Arshadi Arash Keshavarzi, Salem Milad, Karner Heather, Garcia Kristle, Arab Abolfazl, Yuan Jiann Shiun, Goodarzi Hani
bioRxiv. 2023 Jan 16:2023.01.13.524005. doi: 10.1101/2023.01.13.524005.
MicroRNAs are recognized as key drivers in many cancers, but targeting them with small molecules remains a challenge. We present RiboStrike, a deep learning framework that identifies small molecules against specific microRNAs. To demonstrate its capabilities, we applied it to microRNA-21 (miR-21), a known driver of breast cancer. To ensure the selected molecules only targeted miR-21 and not other microRNAs, we also performed a counter-screen against DICER, an enzyme involved in microRNA biogenesis. Additionally, we used auxiliary models to evaluate toxicity and select the best candidates. Using datasets from various sources, we screened a pool of nine million molecules and identified eight, three of which showed anti-miR-21 activity in both reporter assays and RNA sequencing experiments. One of these was also tested in mouse models of breast cancer, resulting in a significant reduction of lung metastases. These results demonstrate RiboStrike’s ability to effectively screen for microRNA-targeting compounds in cancer.
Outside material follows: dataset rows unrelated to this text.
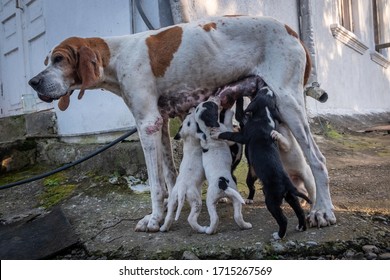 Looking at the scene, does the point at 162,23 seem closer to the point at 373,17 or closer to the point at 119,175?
the point at 119,175

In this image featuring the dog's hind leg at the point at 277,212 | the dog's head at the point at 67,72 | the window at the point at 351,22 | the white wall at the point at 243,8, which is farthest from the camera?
the window at the point at 351,22

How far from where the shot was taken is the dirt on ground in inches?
95.6

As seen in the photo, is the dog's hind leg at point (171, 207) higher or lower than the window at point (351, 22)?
lower

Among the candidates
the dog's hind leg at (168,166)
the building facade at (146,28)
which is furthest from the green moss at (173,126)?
the dog's hind leg at (168,166)

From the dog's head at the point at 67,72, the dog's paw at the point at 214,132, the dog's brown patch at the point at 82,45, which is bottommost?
the dog's paw at the point at 214,132

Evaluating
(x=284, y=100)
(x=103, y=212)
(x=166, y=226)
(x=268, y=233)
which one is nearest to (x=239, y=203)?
(x=268, y=233)

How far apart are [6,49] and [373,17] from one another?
29.2 ft

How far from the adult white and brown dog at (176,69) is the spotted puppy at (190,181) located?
0.17 meters

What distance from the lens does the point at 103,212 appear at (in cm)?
358

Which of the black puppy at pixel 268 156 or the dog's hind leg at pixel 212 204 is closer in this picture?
the black puppy at pixel 268 156

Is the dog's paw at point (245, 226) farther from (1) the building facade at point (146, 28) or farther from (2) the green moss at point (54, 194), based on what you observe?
(1) the building facade at point (146, 28)

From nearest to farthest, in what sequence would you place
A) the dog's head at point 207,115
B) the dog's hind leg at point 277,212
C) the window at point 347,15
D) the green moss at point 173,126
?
the dog's hind leg at point 277,212 → the dog's head at point 207,115 → the green moss at point 173,126 → the window at point 347,15

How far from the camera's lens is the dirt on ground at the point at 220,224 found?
95.6 inches

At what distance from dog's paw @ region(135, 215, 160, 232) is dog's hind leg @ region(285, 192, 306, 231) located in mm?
942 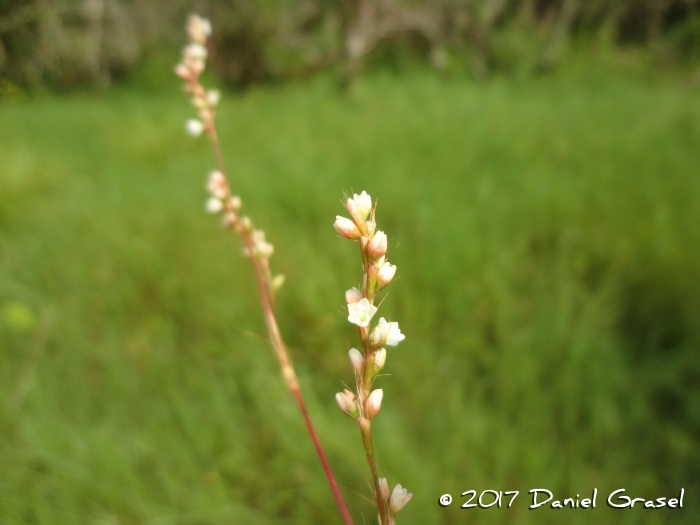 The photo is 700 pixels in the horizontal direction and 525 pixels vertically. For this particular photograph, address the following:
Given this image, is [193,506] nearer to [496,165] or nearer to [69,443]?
[69,443]

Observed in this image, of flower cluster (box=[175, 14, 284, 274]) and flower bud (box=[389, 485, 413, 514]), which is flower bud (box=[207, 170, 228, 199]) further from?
flower bud (box=[389, 485, 413, 514])

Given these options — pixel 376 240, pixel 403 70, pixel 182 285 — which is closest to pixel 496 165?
pixel 182 285

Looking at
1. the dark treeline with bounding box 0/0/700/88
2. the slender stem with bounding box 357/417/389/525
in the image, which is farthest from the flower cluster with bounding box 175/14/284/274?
the dark treeline with bounding box 0/0/700/88

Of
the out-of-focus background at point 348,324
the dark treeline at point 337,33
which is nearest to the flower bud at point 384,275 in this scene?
the out-of-focus background at point 348,324

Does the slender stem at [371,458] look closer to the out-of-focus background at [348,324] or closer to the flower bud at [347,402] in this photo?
the flower bud at [347,402]

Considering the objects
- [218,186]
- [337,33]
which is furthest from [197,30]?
[337,33] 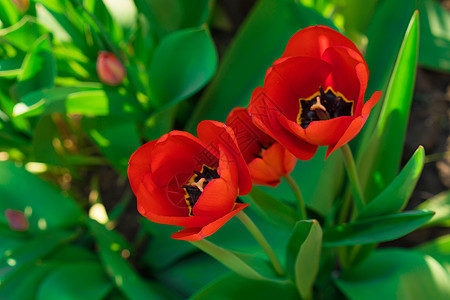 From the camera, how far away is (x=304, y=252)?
714 millimetres

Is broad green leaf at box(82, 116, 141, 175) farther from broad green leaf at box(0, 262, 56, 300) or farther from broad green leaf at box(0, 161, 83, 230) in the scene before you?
broad green leaf at box(0, 262, 56, 300)

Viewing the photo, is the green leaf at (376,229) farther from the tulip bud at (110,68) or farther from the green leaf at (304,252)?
the tulip bud at (110,68)

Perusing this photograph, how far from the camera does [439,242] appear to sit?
1.00m

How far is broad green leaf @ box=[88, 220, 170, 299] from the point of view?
99 cm

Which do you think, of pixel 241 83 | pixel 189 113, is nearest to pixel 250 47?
pixel 241 83

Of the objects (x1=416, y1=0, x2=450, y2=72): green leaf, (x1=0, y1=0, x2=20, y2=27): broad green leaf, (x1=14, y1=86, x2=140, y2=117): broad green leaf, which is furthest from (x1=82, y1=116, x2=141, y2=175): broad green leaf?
(x1=416, y1=0, x2=450, y2=72): green leaf

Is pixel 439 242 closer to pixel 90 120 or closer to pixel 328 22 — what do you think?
pixel 328 22

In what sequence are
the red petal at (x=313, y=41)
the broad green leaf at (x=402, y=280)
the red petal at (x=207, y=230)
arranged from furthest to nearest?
the broad green leaf at (x=402, y=280) < the red petal at (x=313, y=41) < the red petal at (x=207, y=230)

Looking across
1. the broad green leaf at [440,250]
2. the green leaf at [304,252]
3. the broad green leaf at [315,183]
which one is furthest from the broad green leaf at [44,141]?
the broad green leaf at [440,250]

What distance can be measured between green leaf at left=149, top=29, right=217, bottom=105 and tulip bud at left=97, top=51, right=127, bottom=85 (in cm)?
7

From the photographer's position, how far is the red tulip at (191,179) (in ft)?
1.61

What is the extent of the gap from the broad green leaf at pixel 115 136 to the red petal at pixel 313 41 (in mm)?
577

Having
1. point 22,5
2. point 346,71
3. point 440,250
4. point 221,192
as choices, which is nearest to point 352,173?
point 346,71

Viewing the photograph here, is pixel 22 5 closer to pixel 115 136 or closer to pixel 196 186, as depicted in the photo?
Answer: pixel 115 136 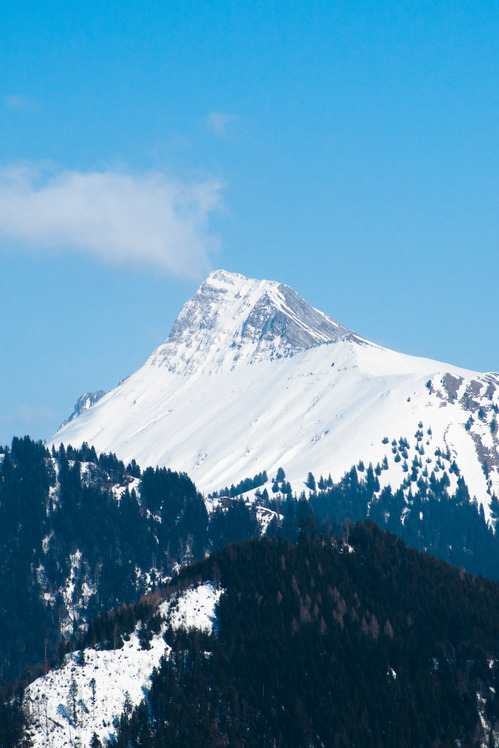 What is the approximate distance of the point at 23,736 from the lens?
190000 millimetres

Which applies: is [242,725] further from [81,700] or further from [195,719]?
[81,700]

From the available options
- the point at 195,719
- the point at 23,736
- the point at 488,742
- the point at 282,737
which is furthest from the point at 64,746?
the point at 488,742

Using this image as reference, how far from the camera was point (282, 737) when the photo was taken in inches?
7830

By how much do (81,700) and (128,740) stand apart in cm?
1256

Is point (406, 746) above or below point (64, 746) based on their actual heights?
below

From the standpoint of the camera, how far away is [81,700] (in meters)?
200

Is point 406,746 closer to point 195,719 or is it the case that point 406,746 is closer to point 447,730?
point 447,730

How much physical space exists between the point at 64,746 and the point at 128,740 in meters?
11.6

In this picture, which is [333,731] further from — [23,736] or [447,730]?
[23,736]

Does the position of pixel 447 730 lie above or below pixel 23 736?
below

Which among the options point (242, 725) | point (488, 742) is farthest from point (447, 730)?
point (242, 725)

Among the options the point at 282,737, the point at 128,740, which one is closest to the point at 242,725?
the point at 282,737

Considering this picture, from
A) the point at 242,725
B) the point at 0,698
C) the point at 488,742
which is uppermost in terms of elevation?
the point at 0,698

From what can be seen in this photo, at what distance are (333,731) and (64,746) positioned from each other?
49578 millimetres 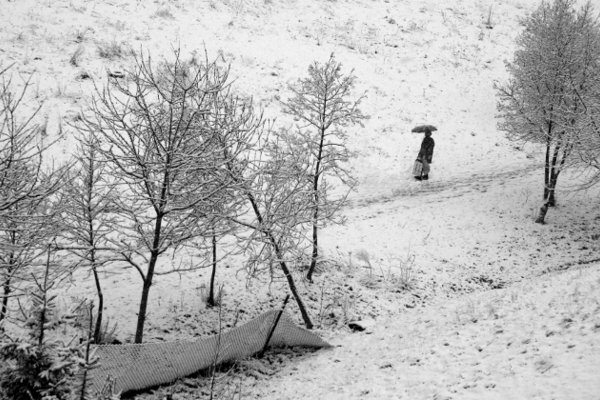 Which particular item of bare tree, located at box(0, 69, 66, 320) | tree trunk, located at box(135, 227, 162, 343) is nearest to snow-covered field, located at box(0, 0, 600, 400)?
bare tree, located at box(0, 69, 66, 320)

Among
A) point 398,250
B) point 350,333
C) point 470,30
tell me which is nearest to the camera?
point 350,333

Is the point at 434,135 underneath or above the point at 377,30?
underneath

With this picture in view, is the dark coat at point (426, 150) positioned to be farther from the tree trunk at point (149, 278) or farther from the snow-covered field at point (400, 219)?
the tree trunk at point (149, 278)

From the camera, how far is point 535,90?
1565cm

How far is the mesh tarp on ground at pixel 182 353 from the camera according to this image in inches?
267

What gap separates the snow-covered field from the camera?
263 inches

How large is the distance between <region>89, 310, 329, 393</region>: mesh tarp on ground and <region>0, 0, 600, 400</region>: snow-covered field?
386 mm

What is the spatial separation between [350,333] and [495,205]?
1011 centimetres

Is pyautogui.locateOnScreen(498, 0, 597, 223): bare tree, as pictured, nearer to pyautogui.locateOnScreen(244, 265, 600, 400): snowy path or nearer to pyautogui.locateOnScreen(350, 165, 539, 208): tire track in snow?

微小RNA被认为是许多癌症的关键驱动因素,但用小分子靶向它们仍然是一项挑战。我们提出了RiboStrike,这是一个深度学习框架,可识别针对特定微小RNA的小分子。为了证明其能力,我们将其应用于微小RNA-21(miR-21),一种已知的乳腺癌驱动因素。为确保所选分子仅靶向miR-21而不靶向其他微小RNA,我们还针对参与微小RNA生物合成的酶DICER进行了反向筛选。此外,我们使用辅助模型评估毒性并选择最佳候选物。利用来自各种来源的数据集,我们筛选了900万个分子库,鉴定出8个,其中3个在报告基因检测和RNA测序实验中均显示出抗miR-21活性。其中一个还在乳腺癌小鼠模型中进行了测试,导致肺转移显著减少。这些结果证明了RiboStrike在癌症中有效筛选微小RNA靶向化合物的能力。